WHAT IS REQUIRED.
Down to the last word, output the records below, skipping any images.

(Captioned web image data)
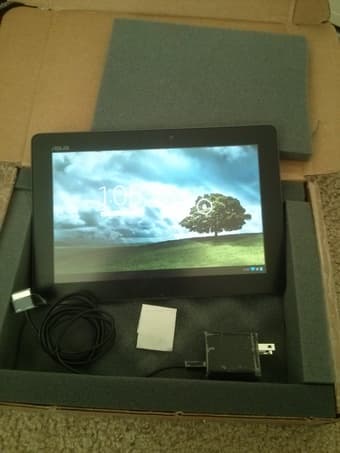 Asus Transformer Infinity. 32gb TF700. Grey $200 1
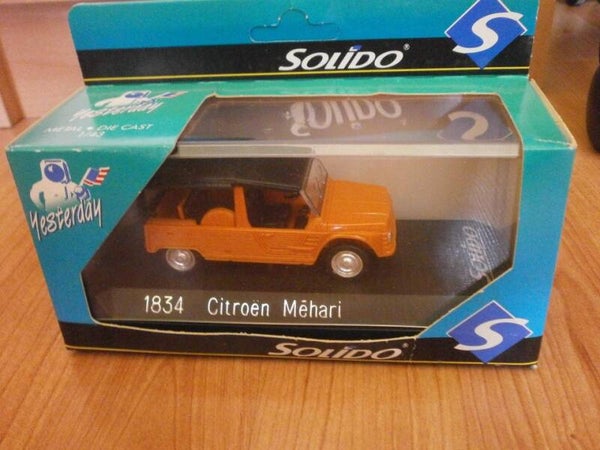 citroen mehari , solido , occasion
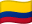 Colombia flag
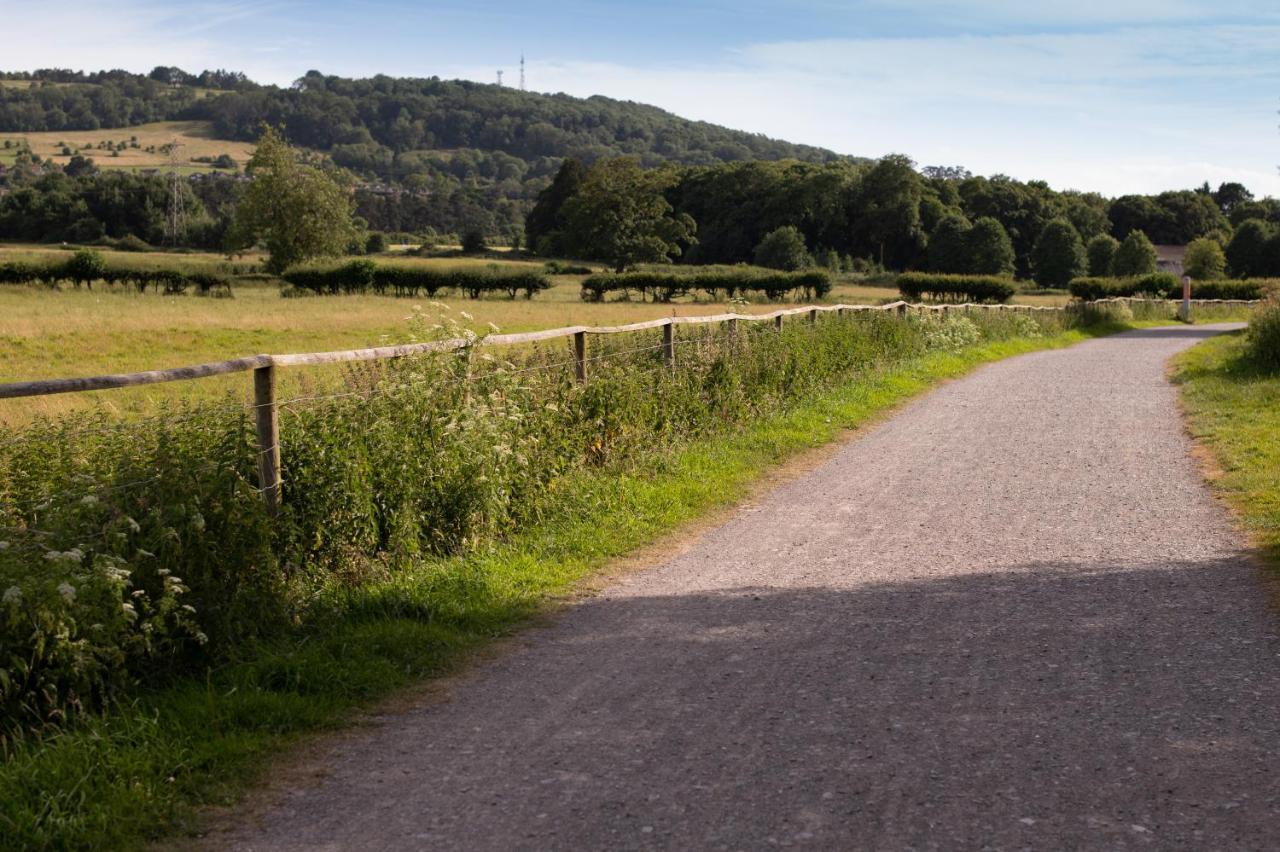 Charming 2Bd Cottage With Beautiful Views Nr Bath Batheaston エクステリア 写真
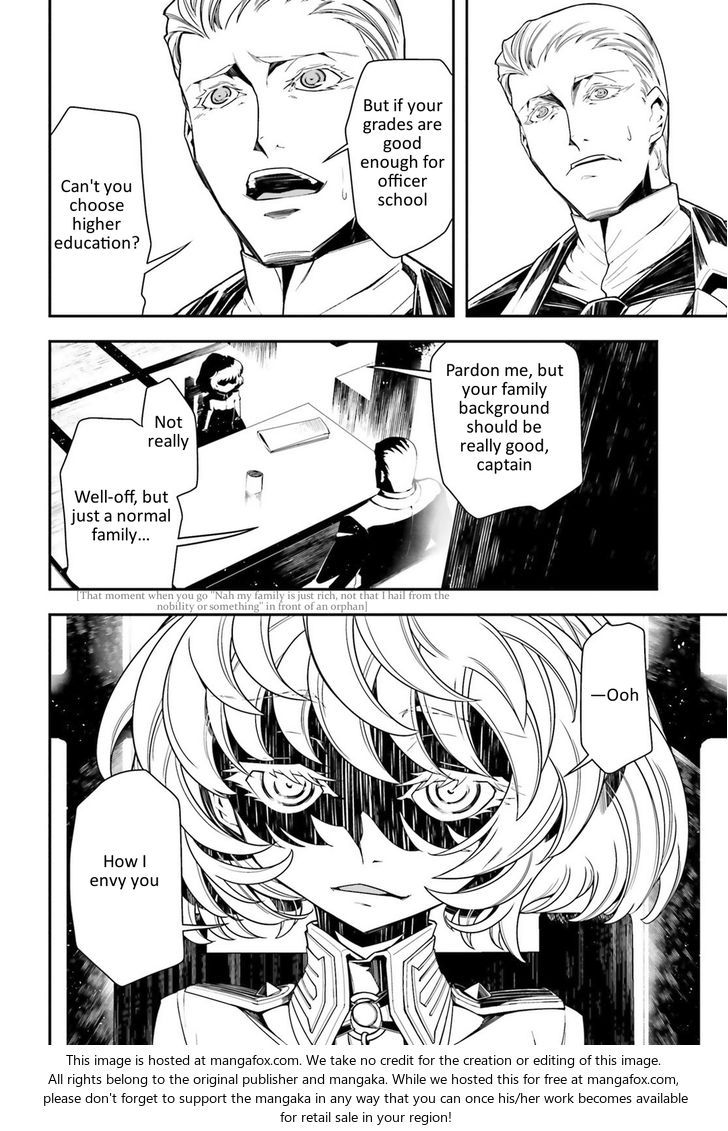 Read Youjo Senki Manga Online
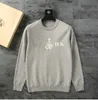 Bluzy męskie bluzy projektant Swatery długie rękaw Tshirt Mężczyźni kobiety bluza haftowa z kapturem pullover kurtka plus rozmiar m- 3xl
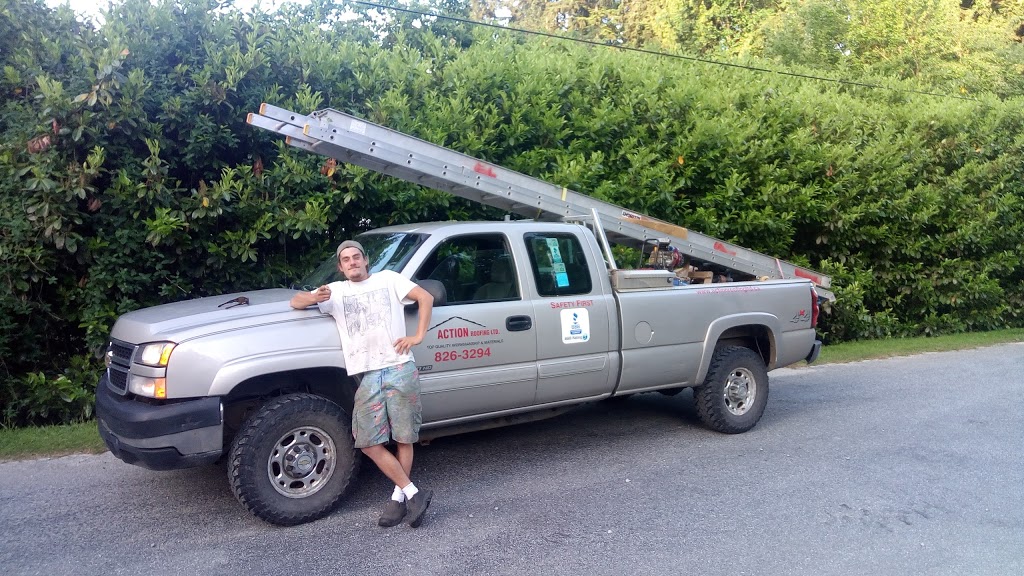 Action Roofing Ltd | 34453 Kirkpatrick Ave, Mission, BC V2V 0B4, Canada | Phone: (604) 826-3294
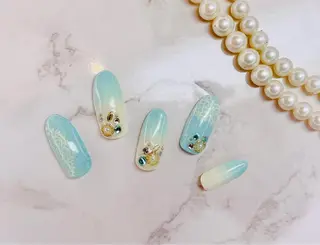 ネイル SINCERELY シンシアリー🌈のネイルデザイン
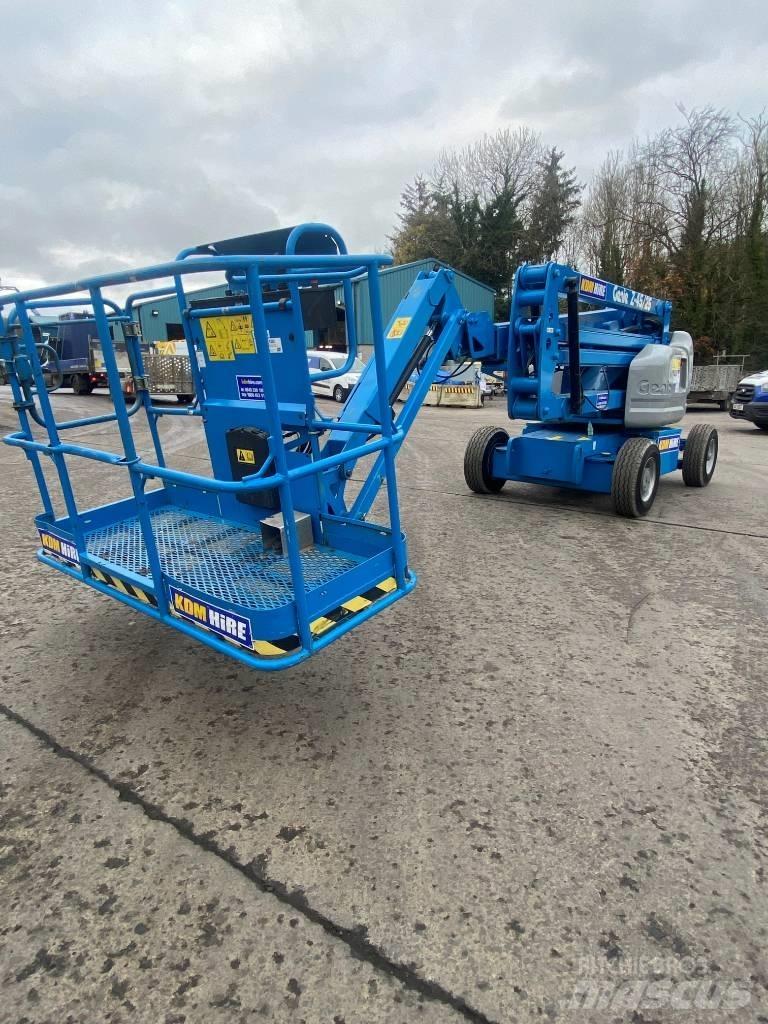Genie Z 45/25 J Knikarmhoogwerkers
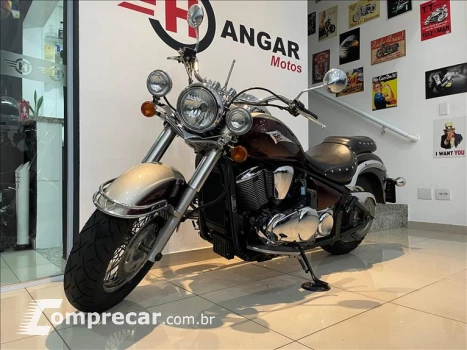 VULCAN 900 CLASSIC LT
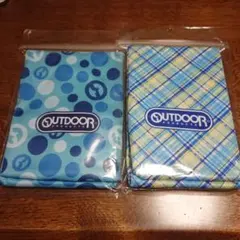 OUTDOOR PRODUCTS クールタオル 2枚セットのサムネイル
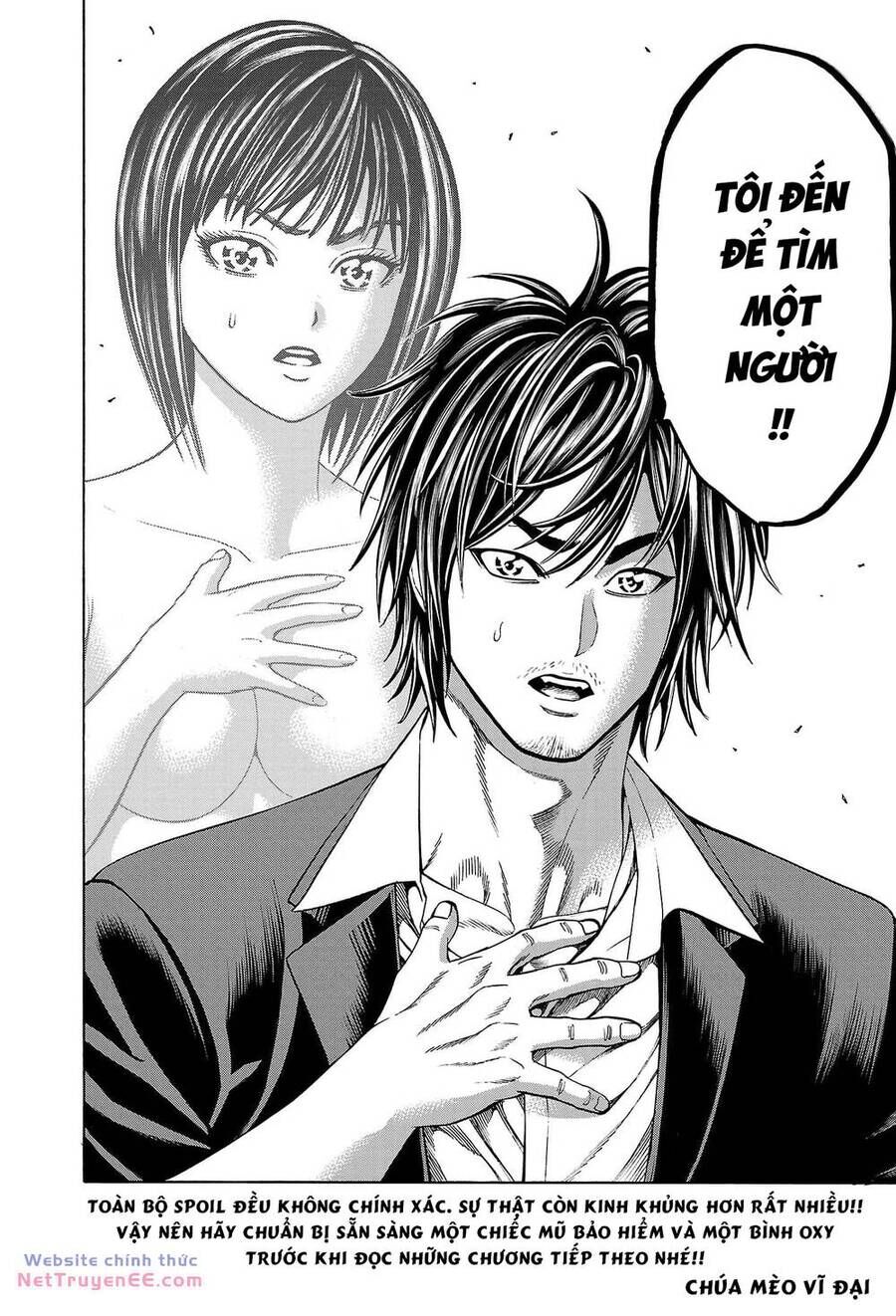 Psycho X Past: Những Vụ Án Giết Người Kỳ Quái Chap 21 - Next Chap 22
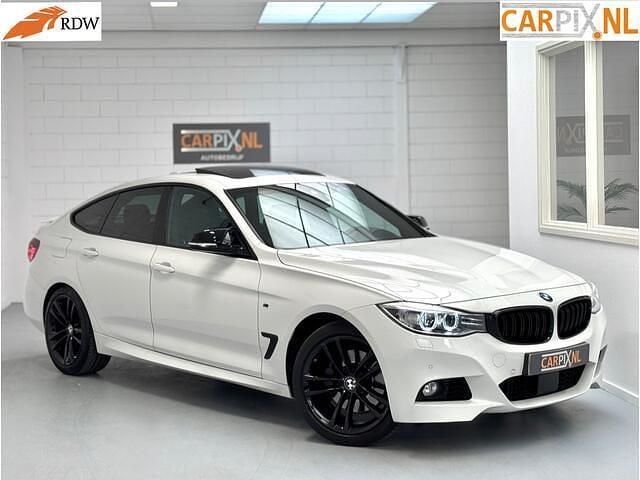 Wit Gebruikt 2014 BMW 335 M Sport Hatchback | € 21.550 (Duur) - Afbeelding 1/4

OUTPUT OF THE EXERCISE.
 Asus Transformer Infinity. 32gb TF700. Grey $200 1
 citroen mehari , solido , occasion
 Colombia flag
 Charming 2Bd Cottage With Beautiful Views Nr Bath Batheaston エクステリア 写真
 Read Youjo Senki Manga Online
 Bluzy męskie bluzy projektant Swatery długie rękaw Tshirt Mężczyźni kobiety bluza haftowa z kapturem pullover kurtka plus rozmiar m- 3xl
 Action Roofing Ltd | 34453 Kirkpatrick Ave, Mission, BC V2V 0B4, Canada | Phone: (604) 826-3294
 ネイル SINCERELY シンシアリー🌈のネイルデザイン
Genie Z 45/25 J Knikarmhoogwerkers
 VULCAN 900 CLASSIC LT
 OUTDOOR PRODUCTS クールタオル 2枚セットのサムネイル
 Psycho X Past: Những Vụ Án Giết Người Kỳ Quái Chap 21 - Next Chap 22
 Wit Gebruikt 2014 BMW 335 M Sport Hatchback | € 21.550 (Duur) - Afbeelding 1/4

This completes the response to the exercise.